> **WHAT YOU WILL DO**
The copy you print must match the listing exactly, with its pictures removed.

── DATA TO PROCESS ──

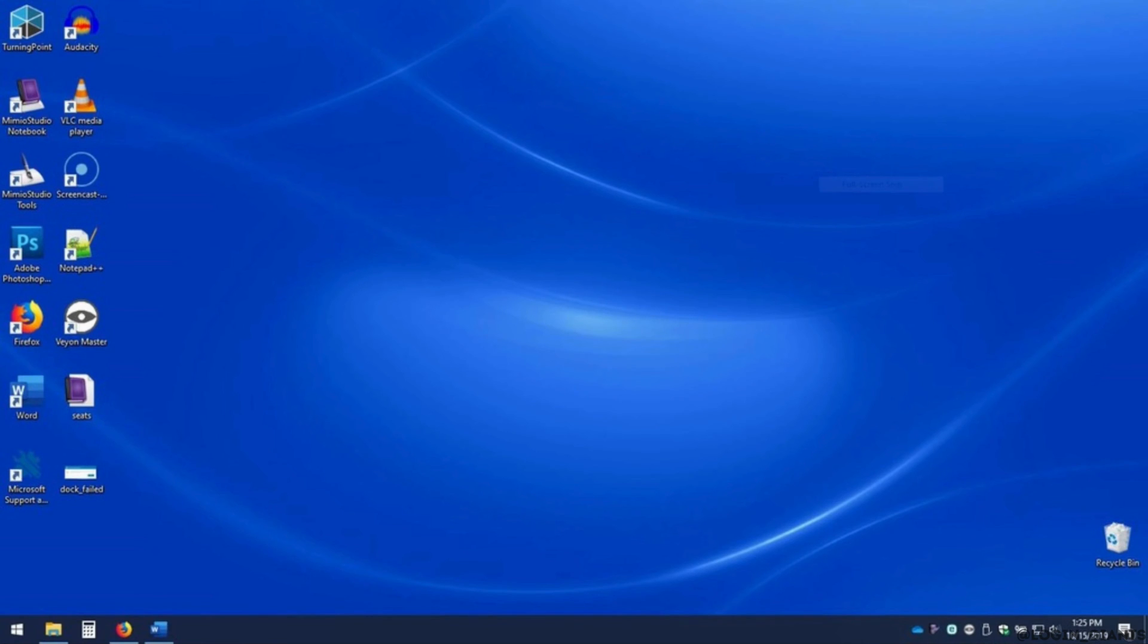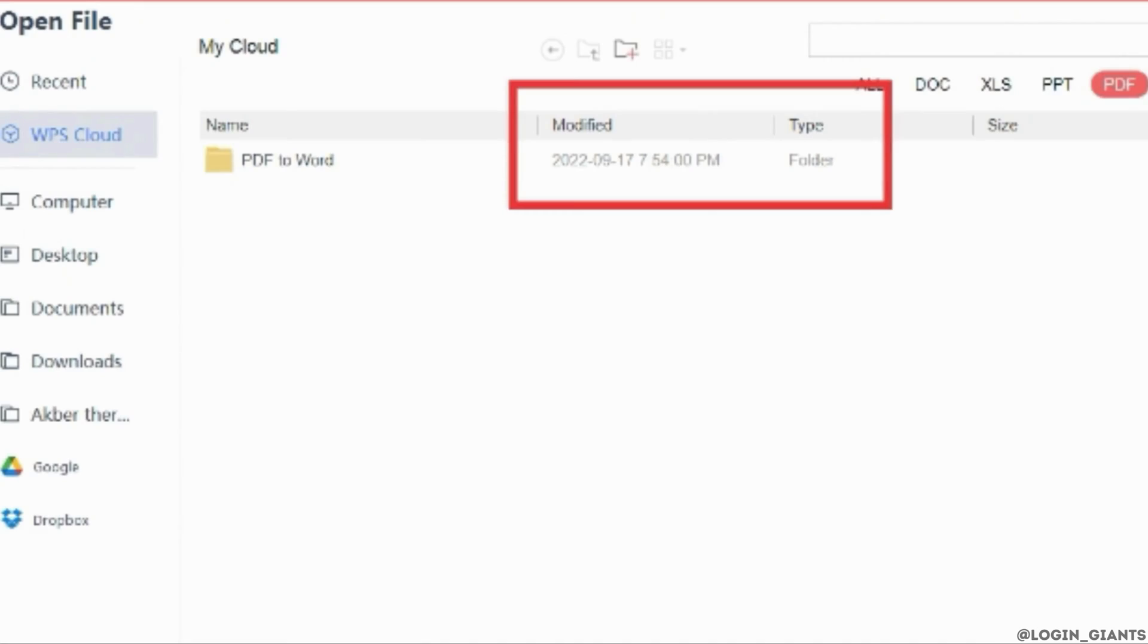The most simple and easy way to determine the authenticity of a PDF file is by taking a look at its properties. The properties of the file include different sorts of information including the date in which the file is created and also the date in which it is modified.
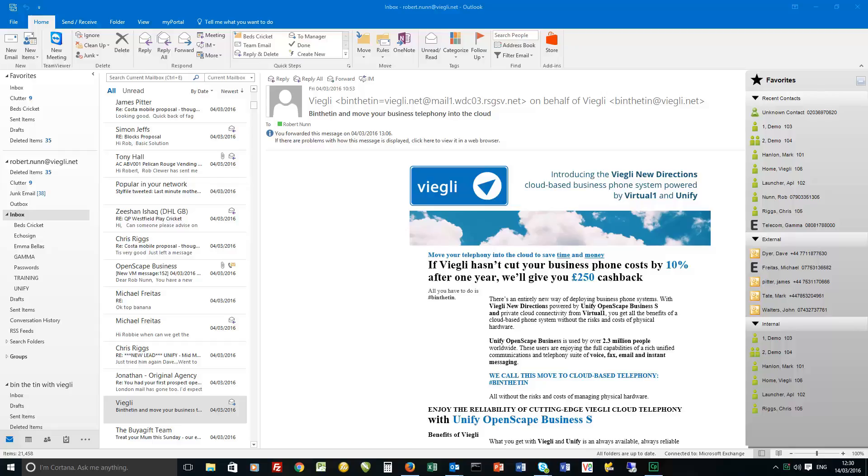Okay so what we're looking at here today is the MyPortal application for Microsoft Outlook. I'm running the Office 365 Outlook 2016 and the latest version of MyPortal which is in the major release one, available mid-March 2016.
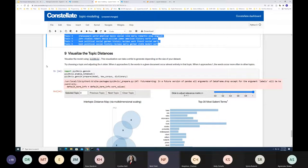That's Constellate and the Gale Digital Scholar Lab. Please hold on a moment while I stop sharing my screen and hand over to Cara.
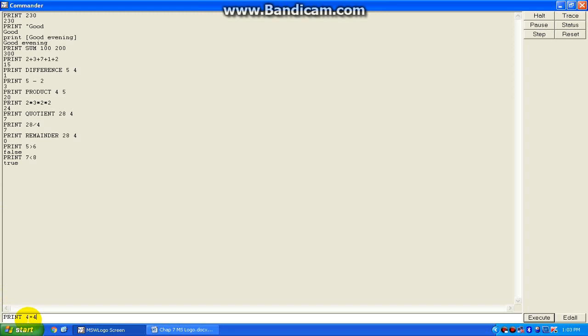We are comparing two numbers, four and four, with equal. So when you press enter, because they are the same, the result will appear as true.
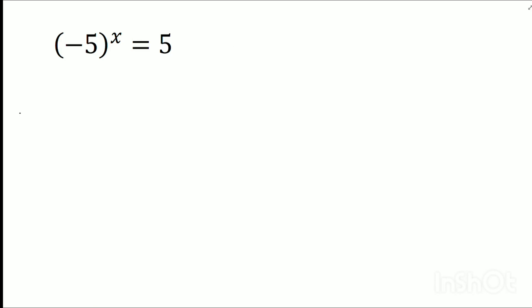Hello dear friends, welcome to my channel. Today's discussion is an Olympiad problem: minus 5 whole to the power x equals to 5. So friends, this problem is very simple.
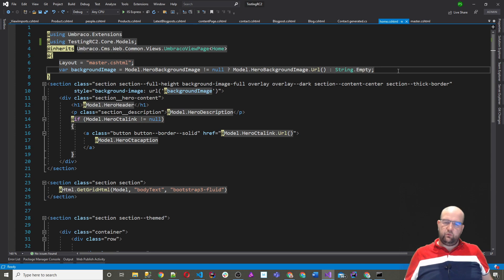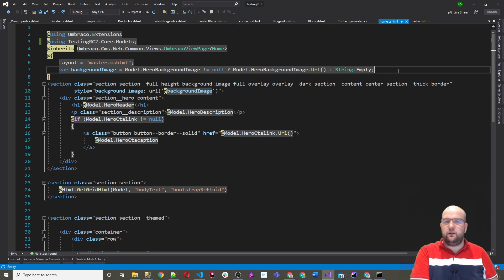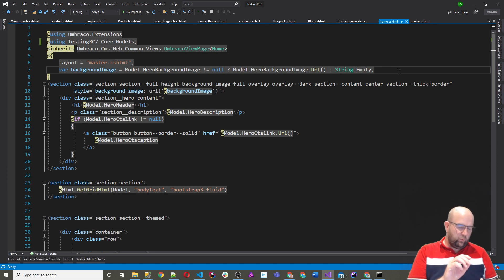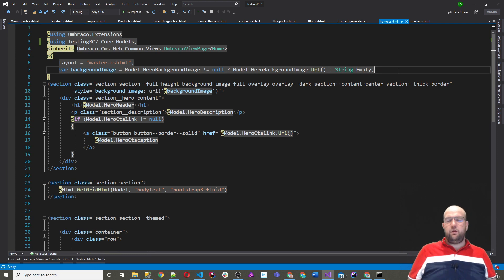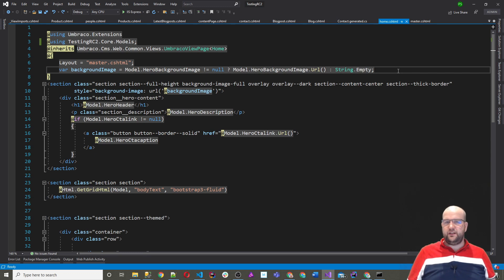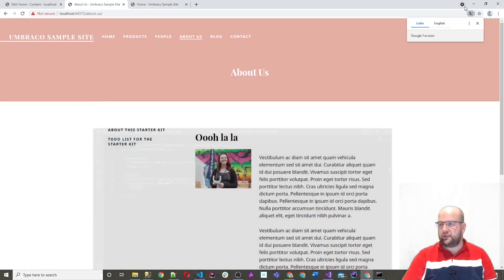So we've got set up with Umbraco 9: we've installed it, shown how to do it with SQL Server or SQL CE using that extra flag, installed the starter kit, changed the Models Builder mode, and put models in a separate project. I hope you find this video useful and I hope you do get into trying out Umbraco 9. Test it out, give feedback, try to find any bugs, and do your normal workflow to see if it works — the more people that test it before public release, the better.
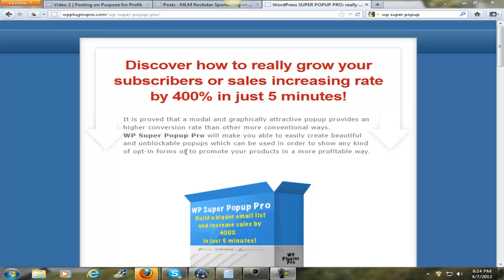Hello, this is Reginald Stenson. I'm going to do a brief review on the WP Super Pop-Up Pro plug-in.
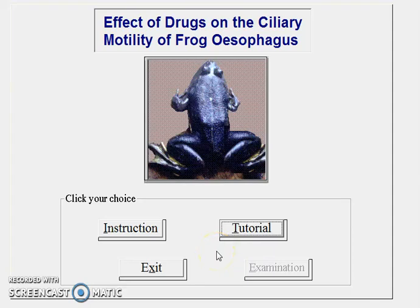Welcome students to my YouTube channel. Today we are going to learn the effect of drugs on the ciliary motility of frog esophagus. We are going to use the Xpom software here to demonstrate the effects of drugs on the ciliary motility of frog esophagus.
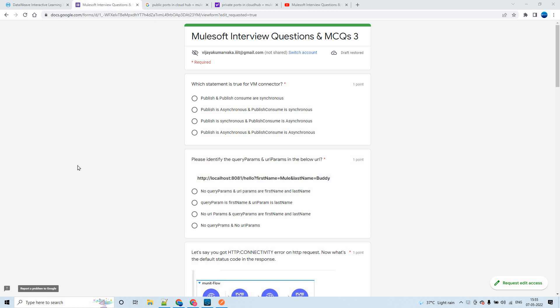Hello guys, my name is Vijay Kumar Vaka. I am working as a Solution Consultant in FSAO. In this session, let us discuss MuleSoft interview questions and MCQs Part 3. I'll share the link to the Google Form in the description of this video, so if you want to attempt the test you can access that link. Now let's go ahead with the attempt of this particular test.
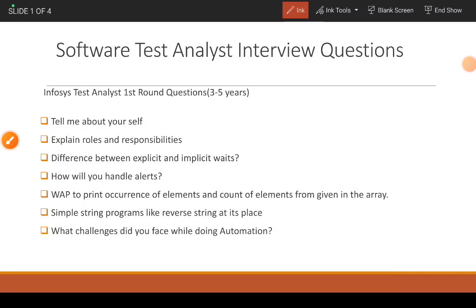Today we will discuss InfoSys test and interview questions and answers for 3 to 5 years of experience. Please stay with me till the end of this video.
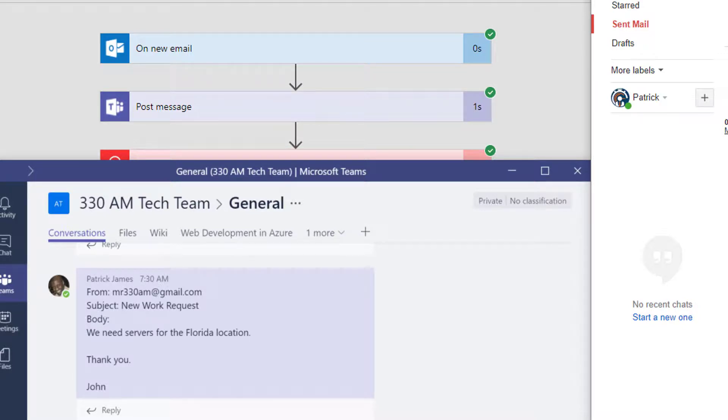For more information about Microsoft Flow, Automated Workflow Development, SharePoint Online, and Office 365, please contact 330AM Technologies.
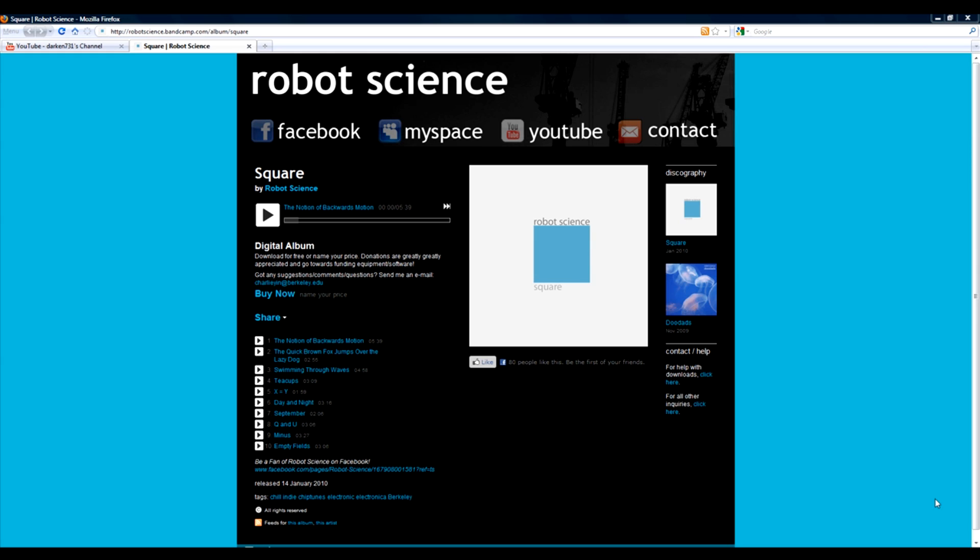Hey guys, if you like the music playing in the background by Robot Science, go ahead and hit up my description box for the link.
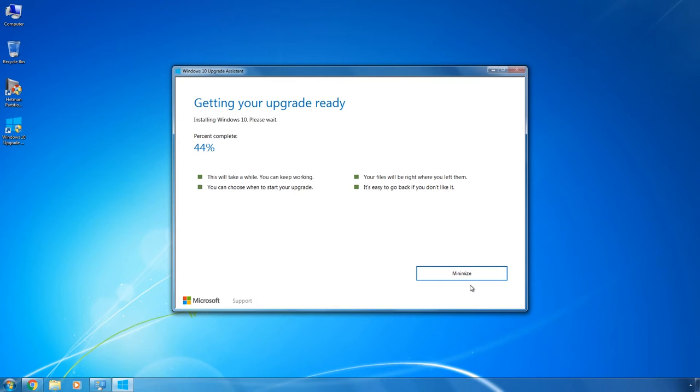For the first 30 or 40 minutes, everything works with the current operating system, so you can do whatever you need to.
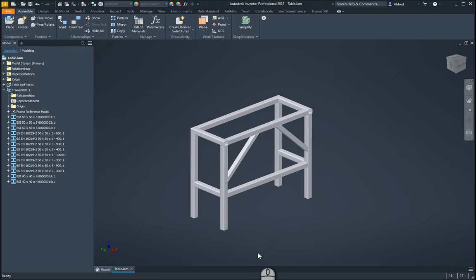In today's video, we're going to take a look at an app that Micrographics has created called Nest 1D. What Nest 1D does is allows us to take our frames that we've created in Frame Generator and then generate a cut list of it.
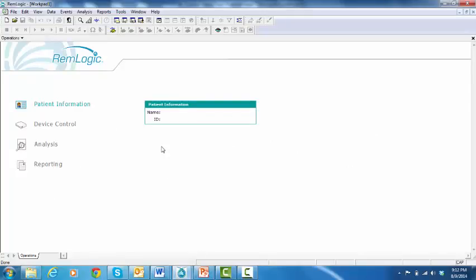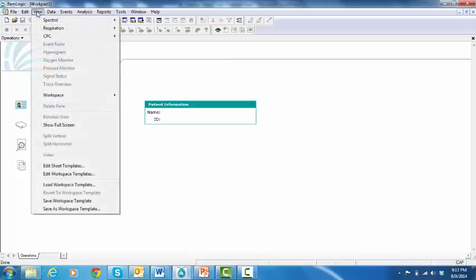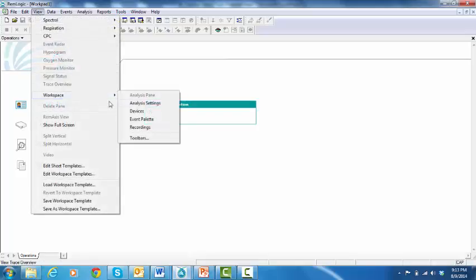In this video, I'm going to demonstrate how to create an analysis profile. Go to View, Workspace, and select Analysis Settings.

───

> **EXERCISE ANSWER**
The most simple and easy way to determine the authenticity of a PDF file is by taking a look at its properties. The properties of the file include different sorts of information including the date in which the file is created and also the date in which it is modified.
Okay so what we're looking at here today is the MyPortal application for Microsoft Outlook. I'm running the Office 365 Outlook 2016 and the latest version of MyPortal which is in the major release one, available mid-March 2016.
That's Constellate and the Gale Digital Scholar Lab. Please hold on a moment while I stop sharing my screen and hand over to Cara.
We are comparing two numbers, four and four, with equal. So when you press enter, because they are the same, the result will appear as true.
Hello dear friends, welcome to my channel. Today's discussion is an Olympiad problem: minus 5 whole to the power x equals to 5. So friends, this problem is very simple.
So we've got set up with Umbraco 9: we've installed it, shown how to do it with SQL Server or SQL CE using that extra flag, installed the starter kit, changed the Models Builder mode, and put models in a separate project. I hope you find this video useful and I hope you do get into trying out Umbraco 9. Test it out, give feedback, try to find any bugs, and do your normal workflow to see if it works — the more people that test it before public release, the better.
Hello, this is Reginald Stenson. I'm going to do a brief review on the WP Super Pop-Up Pro plug-in.
Welcome students to my YouTube channel. Today we are going to learn the effect of drugs on the ciliary motility of frog esophagus. We are going to use the Xpom software here to demonstrate the effects of drugs on the ciliary motility of frog esophagus.
Hello guys, my name is Vijay Kumar Vaka. I am working as a Solution Consultant in FSAO. In this session, let us discuss MuleSoft interview questions and MCQs Part 3. I'll share the link to the Google Form in the description of this video, so if you want to attempt the test you can access that link. Now let's go ahead with the attempt of this particular test.
Today we will discuss InfoSys test and interview questions and answers for 3 to 5 years of experience. Please stay with me till the end of this video.
For more information about Microsoft Flow, Automated Workflow Development, SharePoint Online, and Office 365, please contact 330AM Technologies.
Hey guys, if you like the music playing in the background by Robot Science, go ahead and hit up my description box for the link.
For the first 30 or 40 minutes, everything works with the current operating system, so you can do whatever you need to.
In today's video, we're going to take a look at an app that Micrographics has created called Nest 1D. What Nest 1D does is allows us to take our frames that we've created in Frame Generator and then generate a cut list of it.
In this video, I'm going to demonstrate how to create an analysis profile. Go to View, Workspace, and select Analysis Settings.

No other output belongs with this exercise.